Goldberg juga menyinggung retakan dalam tubuh Israel sendiri. Kepala Staf Angkatan Bersenjata, Eyal Zamir, baru-baru ini memperingatkan soal bahaya terhadap sandera dan bahkan berani minta wajib militer untuk kalangan ultra-Ortodoks—langkah yang bikin gempar karena menyinggung sekutu politik pemerintah. Ini bukan cuma soal strategi militer; ini soal kepercayaan yang runtuh. Ketika tentara sendiri mulai mempertanyakan pimpinan, apa lagi yang tersisa dari narasi “persatuan” yang selama ini digembar-gemborkan? Israel, kata Goldberg, sedang berjalan di tepi jurang, dan yang mendorongnya bukan musuh luar, melainkan tangan-tangan di dalam.
Coba bayangkan, di Indonesia, kita juga paham soal harga cabe yang naik, listrik yang tiba-tiba padam, atau janji politik yang cuma manis di bibir. Tapi bayangkan kalau tiap malam ada sirene rudal, kalau pemerintahmu sibuk merampas kebebasan hakim, kalau menteri-menterimu terang-terangan bicara soal mengusir tetangga. Rasanya seperti hidup di sinetron buruk yang naskahnya ditulis oleh penutur kebencian. Di Israel, ini bukan fiksi—ini keseharian. Dan keseharian itu, ternyata, cukup untuk bikin 60.000 orang bilang, “Cukup, saya mau keluar.”

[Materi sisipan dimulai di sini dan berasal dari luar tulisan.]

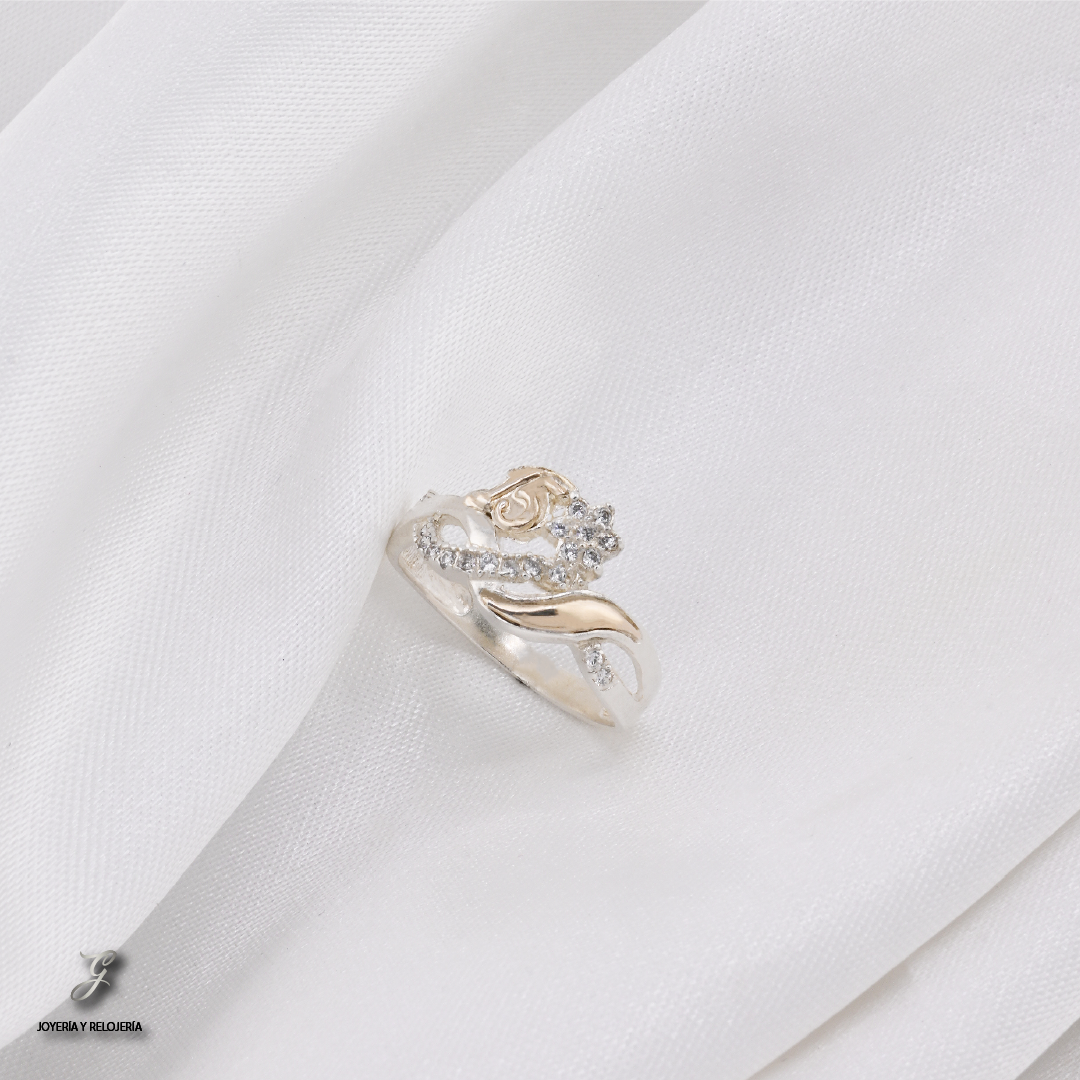 ANILLO DE XV AÑOS FLOR DE AMOR 31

Tapi jangan salah, ini bukan cuma soal Israel. Ini juga cermin buat kita semua. Negara mana pun bisa jatuh ke lubang yang sama kalau membiarkan ekstremisme tumbuh, kalau “keamanan” jadi alasan untuk menghalalkan segala cara, kalau warganya mulai merasa masa depan lebih cerah di negeri orang. Israel, dengan segala narasi besar tentang “tanah yang dijanjikan,” kini jadi studi kasus tentang apa yang terjadi ketika sebuah bangsa kehilangan kompas moralnya. Dan ya, tersenyum miris adalah reaksi yang wajar.
Laporan itu, meski dari Al Mayadeen yang punya sudut pandang tertentu, menawarkan data yang sulit dibantah: angka emigrasi, survei, dan suara warga seperti Cohen atau wanita anonim itu. Tapi, kalau mau jujur, cerita ini bukan cuma soal angka. Ini soal manusia—yang takut, yang marah, yang kecewa. Ini soal negara yang dibangun dengan mimpi besar, tapi kini terperosok dalam mimpi buruk ciptaannya sendiri. Dan di tengah semua ini, warga Gaza, yang rumahnya diratakan, tetap bertahan. Ironi ini bukan cuma menggigit; ini menusuk sampai ke tulang.
Jadi, apa pelajaran dari semua ini? Mungkin, bahwa tak ada kemenangan sejati dalam menindas. Israel mungkin punya tank dan jet tempur, tapi kalau warganya sendiri kabur, apa artinya “kemenangan” itu? Dan untuk kita, di mana pun kita berada, ini peringatan: jangan biarkan kebencian menulis naskah masa depan. Karena kalau itu terjadi, tak cuma kapal yang karam—kita semua yang di dalamnya juga ikut tenggelam. Mari kita tertawa kecil, tapi pahit, sembari berpikir: ke mana, sebenarnya, kita sedang melaju?